* **Activity**:
The records below are to be reproduced exactly, with the pictures left out.

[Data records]
* * *

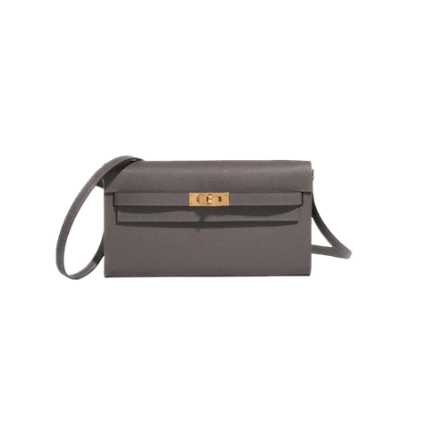 HERMES Kelly To Go wallet Gris Meyer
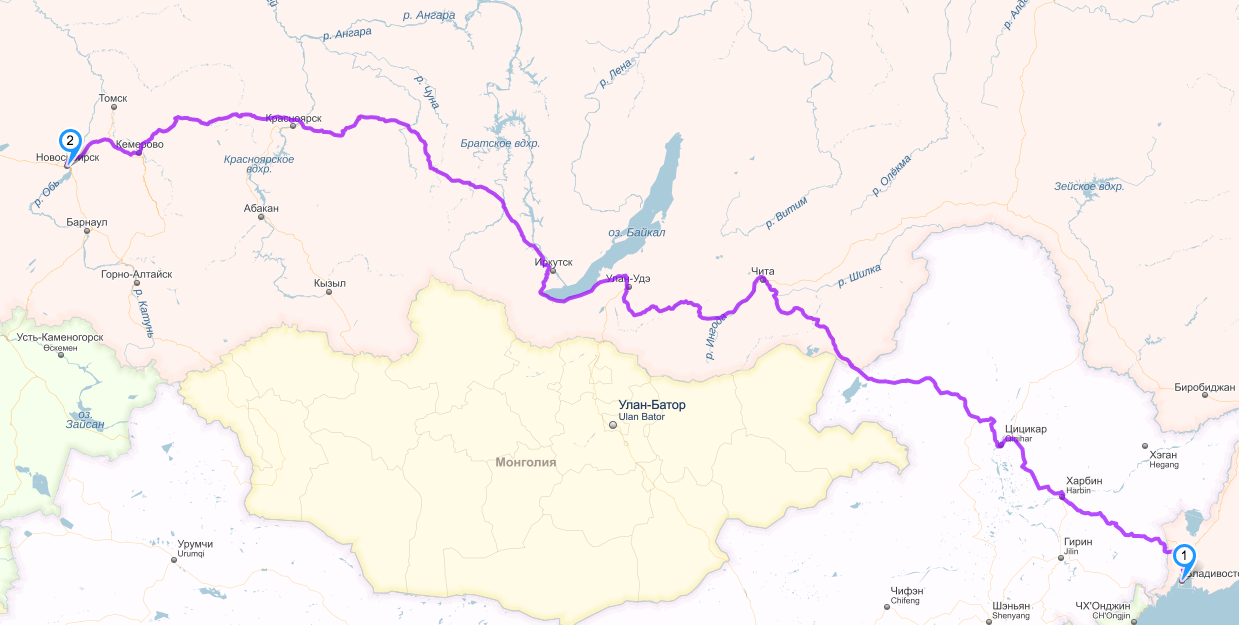 Карта красноярск построить маршрут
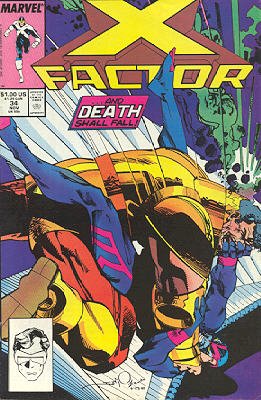 couverture, jaquette X-Factor 34  - Death!Issues V1 (1986 - 1998) (Marvel) Comics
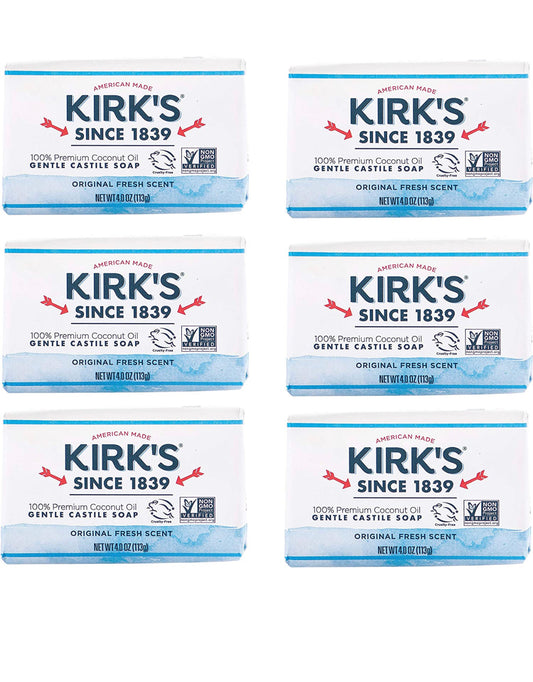 Kirks Castile Bar Soap 6 pack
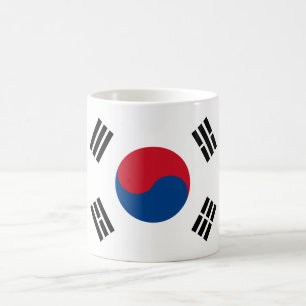 Südkorea-Flaggen-Tasse Kaffeetasse
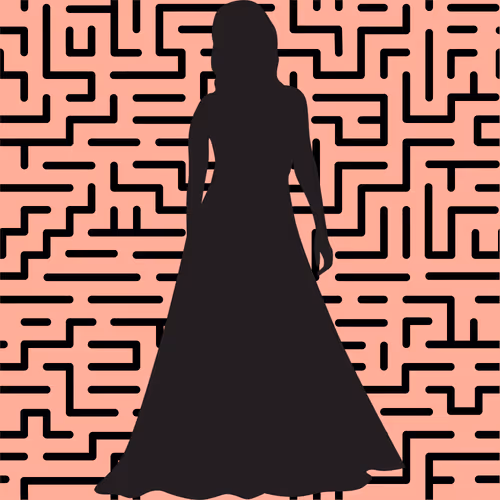 Fashion Silhouette Female Models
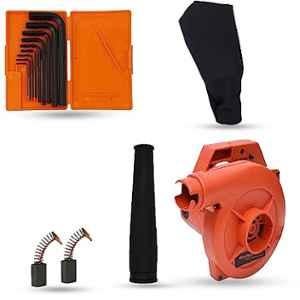 Walkers 800W Plastic Red Electric Air Blower with Carbon Brushes & 9 Pcs Allen Key, WKCB246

* * *

* **Solution to the problem**:
 HERMES Kelly To Go wallet Gris Meyer
 Карта красноярск построить маршрут
 couverture, jaquette X-Factor 34  - Death!Issues V1 (1986 - 1998) (Marvel) Comics
 Kirks Castile Bar Soap 6 pack
 Südkorea-Flaggen-Tasse Kaffeetasse
 Fashion Silhouette Female Models
 Walkers 800W Plastic Red Electric Air Blower with Carbon Brushes & 9 Pcs Allen Key, WKCB246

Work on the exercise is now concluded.